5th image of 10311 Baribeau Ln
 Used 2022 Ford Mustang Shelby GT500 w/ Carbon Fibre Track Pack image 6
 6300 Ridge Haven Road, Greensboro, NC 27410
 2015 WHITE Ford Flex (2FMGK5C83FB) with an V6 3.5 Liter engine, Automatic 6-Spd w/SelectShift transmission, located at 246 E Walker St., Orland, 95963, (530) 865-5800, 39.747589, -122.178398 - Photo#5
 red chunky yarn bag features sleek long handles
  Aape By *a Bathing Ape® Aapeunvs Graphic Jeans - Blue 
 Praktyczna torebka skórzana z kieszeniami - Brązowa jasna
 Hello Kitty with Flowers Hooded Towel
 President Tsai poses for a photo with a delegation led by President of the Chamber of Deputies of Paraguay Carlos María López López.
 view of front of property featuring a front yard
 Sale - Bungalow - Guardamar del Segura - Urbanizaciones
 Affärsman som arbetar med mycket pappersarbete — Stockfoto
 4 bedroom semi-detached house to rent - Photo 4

+++

Problem details
Emit, unaltered, the lines from the top of the listing down through the line that holds "President Tsai poses"; emit nothing else.

Answer to this problem
5th image of 10311 Baribeau Ln
 Used 2022 Ford Mustang Shelby GT500 w/ Carbon Fibre Track Pack image 6
 6300 Ridge Haven Road, Greensboro, NC 27410
 2015 WHITE Ford Flex (2FMGK5C83FB) with an V6 3.5 Liter engine, Automatic 6-Spd w/SelectShift transmission, located at 246 E Walker St., Orland, 95963, (530) 865-5800, 39.747589, -122.178398 - Photo#5
 red chunky yarn bag features sleek long handles
  Aape By *a Bathing Ape® Aapeunvs Graphic Jeans - Blue 
 Praktyczna torebka skórzana z kieszeniami - Brązowa jasna
 Hello Kitty with Flowers Hooded Towel
 President Tsai poses for a photo with a delegation led by President of the Chamber of Deputies of Paraguay Carlos María López López.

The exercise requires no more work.